# Italian volcano lemon juice?



## calvin (Mar 31, 2014)

Anyone use this instead of realemon? Thoughts?

Thanks


Sent from my iPhone using Wine Making


----------



## roger80465 (Mar 31, 2014)

I used it on my first batch of SP. I later learned that the Italian juice is not buffered for PH so my SP was EXTREMELY acidic. Unfortunately, I also back sweetened with pomegranate/cranberry concentrate and that added more acidity. It was undrinkable by itself because it would almost eat the enamel off your teeth. Made a good sangria though. So, bottom line, if you use the Italian juice, be ready to check PH and make adjustments.


----------



## GreginND (Mar 31, 2014)

Hmm, I used it in my blueberry SP and it turned out great.


----------



## calvin (Mar 31, 2014)

Ended up starting the recipe. I made a 6 gallon batch. I only had to use 33 oz of the volcano the rest realemon. The Italian volcano ingredients says : lemon juice

The realemon has all kinds of other crap in it. 

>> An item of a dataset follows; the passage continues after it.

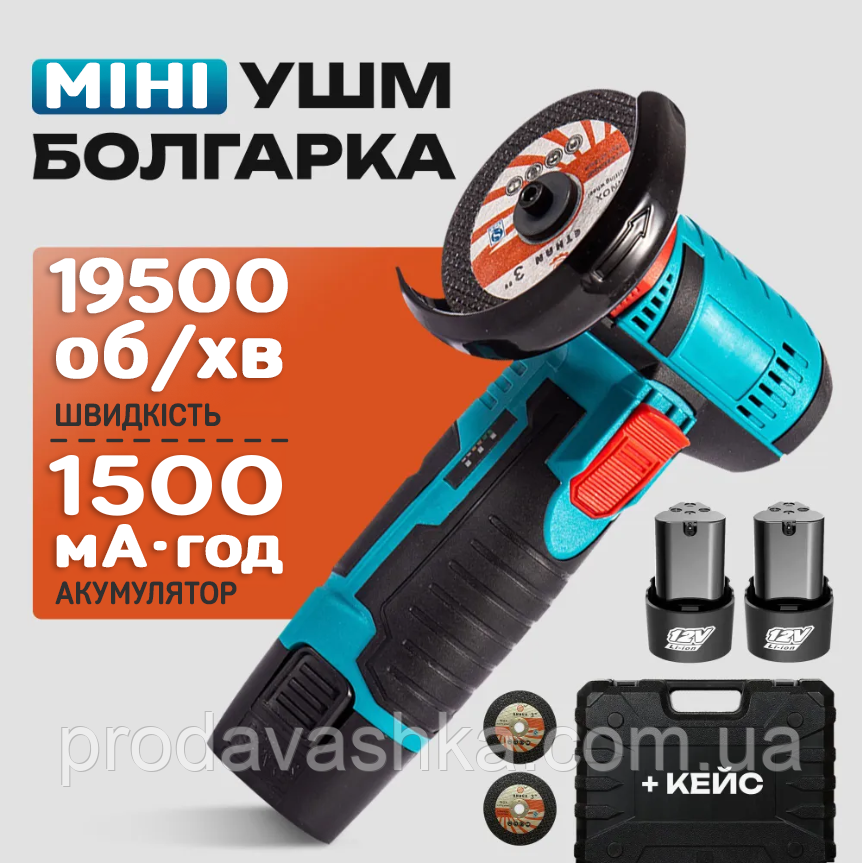Аккумуляторная мини болгарка УШМ 2 АКБ 12V и два диска Угловая ...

I'll report how it goes if anyone is interested. Although I won't have anything to compare it to because I've never tried skeeter pee before. 



Sent from my iPhone using Wine Making


----------



## kevinlfifer (Apr 1, 2014)

I've used the stuff from Dollar tree, and I cant tell the difference. I serve with a wedge of lime.


----------